Naumann, qui a toujours nié les accusations portées contre lui, a été l’un des premiers anciens responsables de l’Allemagne communiste à être accusé de meurtre plutôt que d’homicide involontaire. Les procureurs avaient requis contre lui une peine de 12 ans de prison, soulignant le caractère « particulièrement perfide » du meurtre, puisque Kukuczka a été abattu alors qu’il croyait avoir retrouvé la liberté. Les avocats de Naumann avaient demandé l’acquittement faute de preuves suffisantes.

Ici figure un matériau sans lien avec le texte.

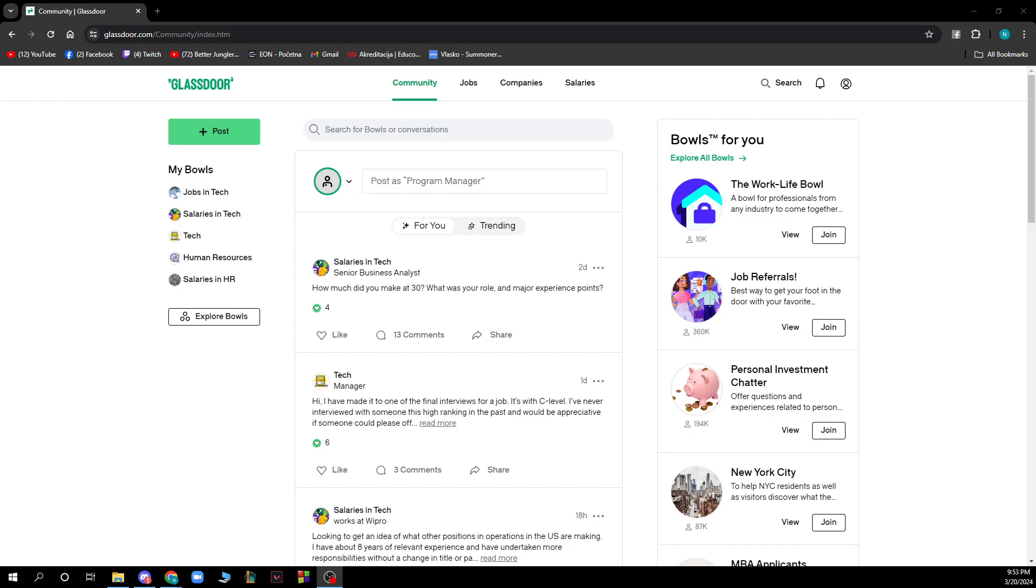Now that we got that out of the way, let's see what we have in front of us. As you can see, we have the Glassdoor website with a lot of different options. First, we have the Community where you can put your posts by clicking this green button. You can also see other people's posts, trending topics, and all those things.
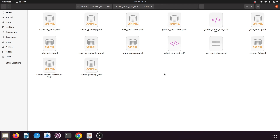In our next tutorial, we will write our own launch file to load this new ROS controller, our URDF file, and all the MoveIt configuration. Please watch my next tutorial for creating the launch file. Thank you so much for watching — please hit the like button if you like my videos, and subscribe to my channel if you haven't yet.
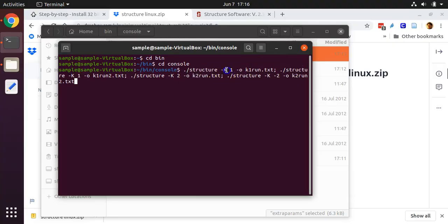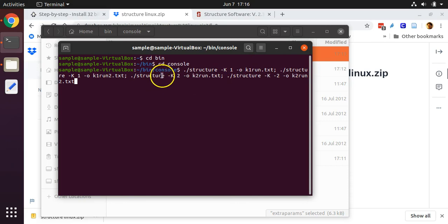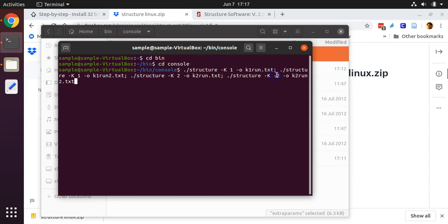And for each one of those scenarios, we're doing two replicate runs. There's the first replicate run, there's the second replicate run. For two inferred ancestral groups, there's the first replicate run, there's the second replicate run.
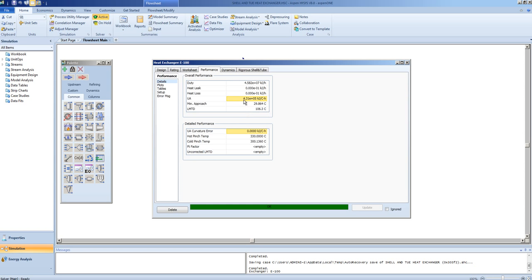Note, the area has remained constant, hence the U has changed. This has changed because the flow regime through the exchanger has changed. It will be less turbulent, and as such, there will be different heat transfer film coefficients.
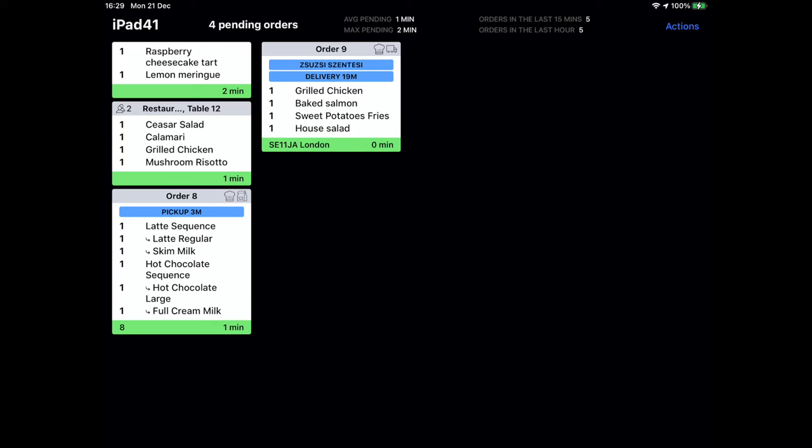After that an eating order with table side ordering. Right below that we can see a takeaway order with pickup time and in the second column a delivery order with customer's name and address as well.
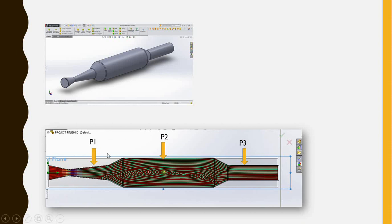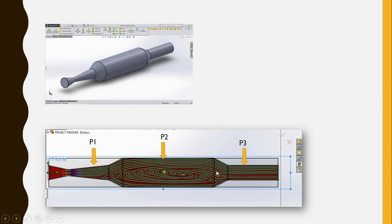Moving on to the airbox — region P2 — the airbox is a reservoir of air. It helps the engine avoid choking when running at very high RPMs, because the engine needs air and the airbox allows it to draw from this stored supply. Next comes the runner.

Pourquoi Naumann a tué le Polonais de 38 ans
Le 29 mars 1974, Kukuczka, père de trois enfants, fait irruption dans l’ambassade de Pologne à Berlin-Est et menace de faire exploser une (fausse) bombe afin d’obtenir un visa pour traverser la frontière. La Stasi, alertée par les autorités polonaises, est immédiatement arrivée au siège diplomatique polonais : ici, ils ont trompé Kukuczka en lui faisant croire qu’il avait obtenu un visa pour quitter l’Allemagne communiste. Les agents l’ont accompagné jusqu’au poste frontière voisin de la Friedrichstrasse. Après avoir franchi deux postes de contrôle sans incident, Kukuczka était convaincu qu’il allait devenir un homme libre. Mais sa vie a été écourtée par Naumann, qui a tiré un coup de feu, un acte pour lequel il a ensuite été décoré. La vérité sur la mort du Polonais de 38 ans n’a jamais été révélée à sa famille.
Au total, au moins 140 personnes ont été tuées alors qu’elles tentaient de franchir le mur de Berlin entre 1961 et 1989, et des centaines d’autres sont mortes en tentant de fuir l’Allemagne de l’Est par d’autres moyens. Au cours des années 1990, 251 personnes au total ont été accusées de crimes commis au nom de la Stasi. Cependant, seulement deux tiers des affaires pénales se sont soldées par un acquittement ou par l’absence de verdict et seuls 87 accusés ont été reconnus coupables, la plupart à des peines légères.